Но есть большая проблема — на нее указал Михаил Емельянников: «В нашем законе нет анонимизации! Есть обезличивание, которое, в соответствии с приказом Роскомнадзора о методах и способах его реализации, должно быть обратимым. А это уже совсем не анонимизация!».

Кроме того, правила обезличивания ничего не говорят о степени его глубины. Какие конкретно данные должны быть заменены условными индексами, а лучше — удалены при обезличивании? Если только ФИО, а в данных есть еще что-то, например номер телефона, адрес, СНИЛС, ИНН, номер паспорта, то формально такие данные могут считаться обезличенными, но они точно не анонимизированы и могут быть при определенных усилиях соотнесены с конкретным субъектом персональных данных. «Поэтому очень много вопросов вызывает принятие законов о специальном регулировании при разработке и внедрении технологий ИИ и об экспериментальных правовых режимах в сфере цифровых инноваций. Ведь они предусматривают предоставление коммерческим организациям обезличенных персональных данных, для которых устанавливаются весьма жесткие нормы обработки и уничтожения», — подчеркнул Михаил Емельянников.

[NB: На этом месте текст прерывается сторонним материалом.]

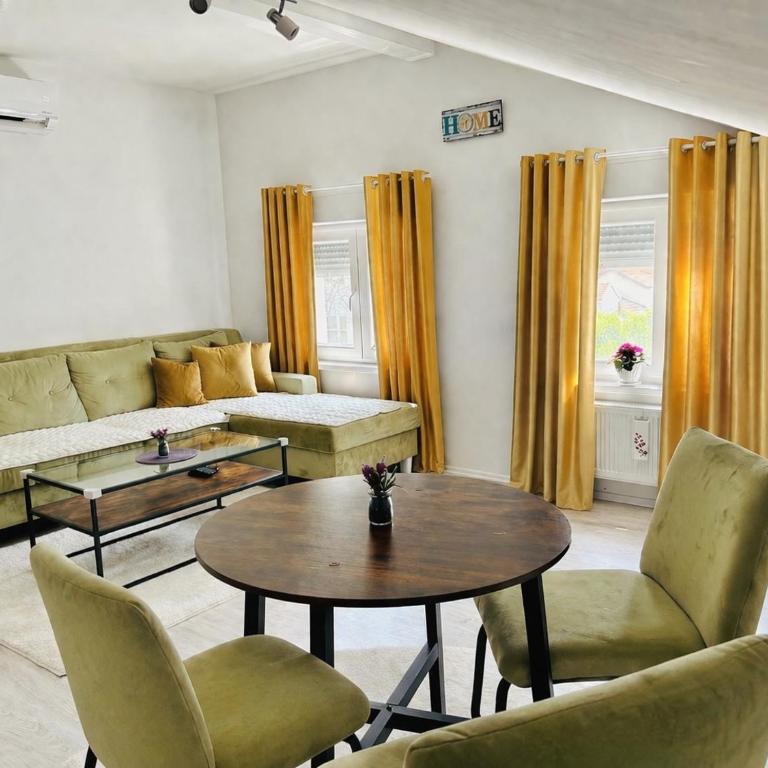 Urban Gold Apartment - Apartman sa 3 Spavaće Sobe i Pogledom - 1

Павел Катков согласен: «Важны и анонимизация, то есть недоступность данных в привязке к конкретному пользователю, и регулирование самих процессов обработки больших данных. Ведь анонимизированные данные перестают быть таковыми, когда к ним добавляются другие данные. А эти другие данные, в свою очередь, могут стать известны в результате утечки. На предотвращение утечек, с одной стороны, и на определение разных типов данных с точки зрения их влиянии я на privacy, с другой, и должно быть направлено регулирование». Именно регулирование должно четко определить порядок анонимизации (понимаемой именно как невозможность сопоставления данных с конкретными субъектами персональных данных), которая обеспечит защиту приватности и прав субъектов данных.